Basics of Secret Rotation Feat. AWS Secrets Manager

matttyler

Matt Tyler

Posted on February 5, 2020

Basics of Secret Rotation Feat. AWS Secrets Manager

Introduction

A constant frustration of mine is sharing secret material between two services. A good deal of the time, this is to allow Service A to access Service B. Unfortunately, I've seen a lot instances of hardcoding credentials between both services. There are lot of things wrong with this.

Chaos ensues if the secret ever needs to change

Secrets management is a chore and often ignored out of benign neglect. Avoid it and you will find you will struggle to do perform it when it really counts. The last thing you should want to do is try to work out how to rotate a secret after it has been compromised.

It's brittle

I've seen configuration files get 'lost' resulting in complete chaos to bring the services back up, because it wasn't clear where the secrets were being sourced from.

Why all this manual handling in the first place?

Fundamentally, I don't even care what the secret is - I don't need to know and neither does anyone else. The only actors that need to know the secret is service A and service B. So why have metaphorical humans running around with slips of metaphorical paper with magic words on them?

Can't we cut out the middle-man? Let's learn how understanding secret rotation can help us.

How Secrets Rotation Works

Secret rotation essentially works by keeping two values of a secret valid at any time. When a rotation is performed, we generate a new secret and deprecated the oldest version.

  1. Initially we start with two valid secrets, the 'nth-1' value and the 'nth' value. These are typically marked with a label, denoting one as the 'current' (most recently generated) secret, and the other as 'previous'. Any requests for a secret will return the current value, but any requests that are sent using the previous secret should (in the best case) still work.

Step 1

  1. At some point, a rotation is initiated. This results in the creation of the 'n+1' value. This then goes into a 'pending' state.

Step 2

  1. The pending secret is transferred to the other system, e.g. where it needs to be set as a new password. If this works, currently three different passwords should work to access the system.
  2. Usually the system would perform a test now to ensure the new secret works, before it removes any existing secrets.
  3. Assuming the test passed, we can proceed to shuffle the secrets around. The 'nth+1' secret is now labeled as the 'current' secret, and the 'nth' secret is now labeled as previous. The 'nth-1' secret is now unlabeled, marking it as deprecated, and will be deleted at some point. The rotation has now completed.

Step 3

Most importantly, this is all automated so I never even need to know what the secret is - my services just need to be able to reference the address of the secret to fetch the value.

There are problems with this method for some systems. If you must absolutely use a one-user, one-password scenario because that is all the protected system supports, systems that have pulled an older secret will need to attempt to refresh the secret on an authorization failure. You can avoid this is if the system is capable of handling multiple users.
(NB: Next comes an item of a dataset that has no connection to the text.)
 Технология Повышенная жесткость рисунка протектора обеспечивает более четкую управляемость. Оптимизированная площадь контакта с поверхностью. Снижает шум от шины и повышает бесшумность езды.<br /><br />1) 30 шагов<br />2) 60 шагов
AWS has pretty good documentation on a few common secrets rotation scenarios, and it is worth reading if you want to understand secrets rotation in more detail.

Rotating Secrets - One User, One Password
Rotating Secrets - Switch Between Existing Users
Rotating Secrets - Passwords Only

At any rate - key to all of this is ensuring that whatever is using the secret understands when it is about to expire, or it is capable of recognizing they are using an invalid credential and will attempt to refresh it.

With that in mind, we are going to look at using AWS Secrets Manager to perform secrets rotation.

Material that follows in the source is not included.